5. You may have to move back home with mum.
“Don’t be surprised when the first hurdle to you raising from a VC, and the difference between you having a $20 million company and you running out of money and moving back home with your mumma, is an employee who looks young enough to still be at school. Avoid the temptation to steal their lunch money or give them a ‘wedgie’.
These entry level associates know exactly what the investment committee is likely to be looking for, and will scare you at how intelligent and experienced they are.”
6. Be prepared to ask friends, friends of friends, and strangers in the street, for introductions.
“VCs will rarely look at ‘cold’ pitch decks sent to general inboxes. And remember – always pay it forward, and help out other entrepreneurs in any way you can. It’s the startup way. And, it helps you feel a little less bad when you contact an old high school friend whose sister walks the dog of someone who used to work at one of the top VCs in the valley, asking for an introduction.”
7. Keep your slide deck short and sweet.
“Try to predict any concerns VCs may have, and openly address them in your deck.”
8. Even though you may be nervous, be confident.

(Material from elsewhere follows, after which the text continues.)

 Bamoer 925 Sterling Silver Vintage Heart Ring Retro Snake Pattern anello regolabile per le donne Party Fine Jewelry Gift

“Believe in your idea, believe in the market, believe in the product, believe in your hard work, and believe you will raise from a VC. Remember, VCs are not only betting on the market, the product, but also, and most importantly, the founders. The night before, watch Grease and think about how Danny Zuko would go about pitching.”
9. You will see the most amazing bathrooms.
“With products in there from stain removers to Q-tips. As they say, ‘always have clean ears before you pitch’.(I am not actually sure people say this…)”
10. You will get stuck in traffic on Sand Hill Road.
“Leave early, use that time to perfect your pitch, and make fun of people on Segways riding to work.”